De los once candidatos que se presentan, cuatro tienen posibilidades de pasar a la segunda vuelta: el derechista Fillon, el centrista-liberal Macron, la ultraderechista Le Pen y el izquierdista Mélenchon. Pero curiosamente la campaña de estos candidatos ha girado menos alrededor de la hipotética crisis del modelo social y económico francés que de la cuestión del terrorismo islamista radical.
No es de extrañar, dados los atentados que se vienen produciendo en Francia en estos últimos meses. Lo que sí es de extrañar es que un pueblo como el francés, uno de los más cultos y formados del mundo, y unos políticos como los galos, que hasta no hace mucho pasaban por ser más responsables y profesionales que los de otros lares (mirémonos el ombligo), hayan caído en la burda trampa de los yihadistas. Que es la misma que la de los ultraderechistas.
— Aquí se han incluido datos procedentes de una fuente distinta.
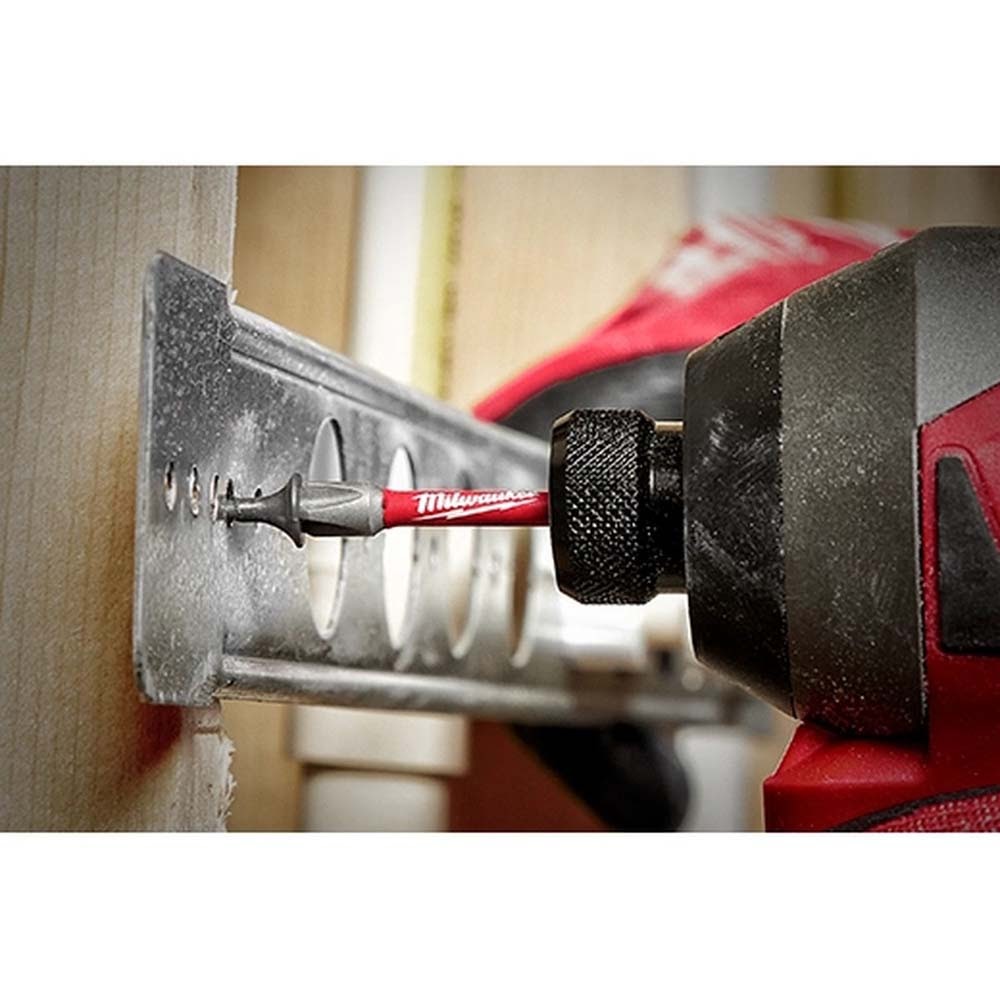 Milwaukee 48-32-4022 SHOCKWAVE Impact Duty Driver Bit Set (40 Piece) - 4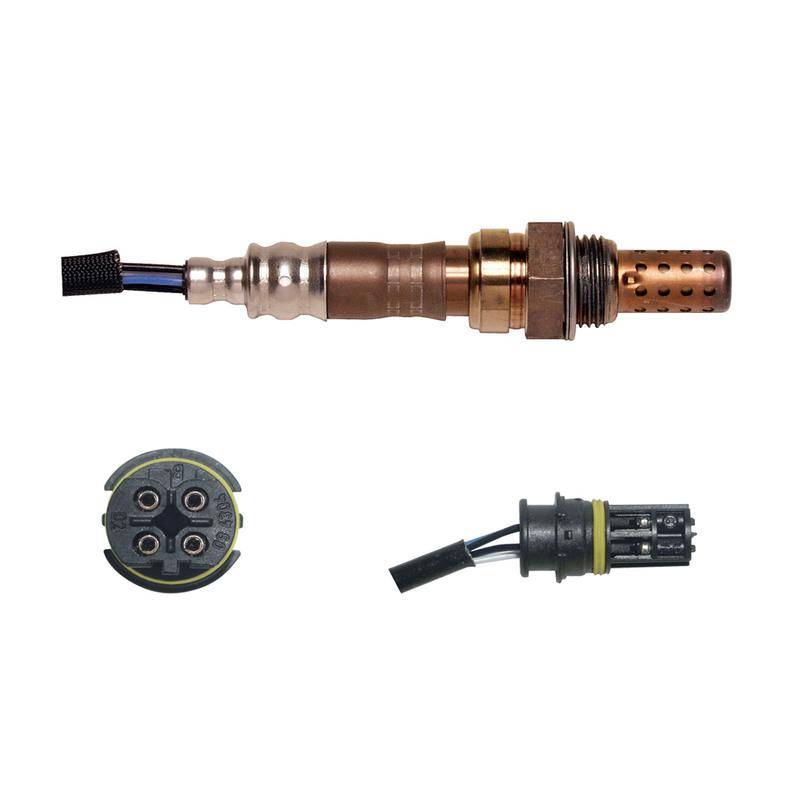 Denso 2344679 - Oxygen Sensor Denso 2344679 Oxygen Sensor product image 1 of 1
Ni los yihadistas ni los ultraderechistas ofrecen nada de positivo a sus pueblos. Los yihadistas tienen las manos llenas de sangre, y sólo aspiran a manchárselas aún más y a imponer su credo increíble a todo el mundo. Los ultraderechistas nunca podrían vencer en unas elecciones por sí solos, máxime en un país que inventó el sistema político actual de libertades civiles y que lo extendió por el mundo. Ambos grupos se odian en teoría, pero en la realidad se alimentan entre sí. Los yihadistas cometen un atentado; Le Pen y los suyos claman contra la inmigración y la Unión Europea, y alimentan el resentimiento y el odio contra los musulmanes en general, que no olvidemos que son las principales víctimas de los yihadistas. Éstos consiguen así más argumentos para conseguir adeptos. Este odio y la exclusión generan más radicalismo entre los jóvenes musulmanes franceses, que cometen nuevos atentados, lo cual beneficia a la ultraderecha; la imagen de Le Pen en un debate aprovechando la noticia de un atentado para hacer campaña no sólo es vergonzosa, sino sintomática. Ambos, incapaces de hacer nada positivo por sus pueblos, siembran vientos para recoger tempestades.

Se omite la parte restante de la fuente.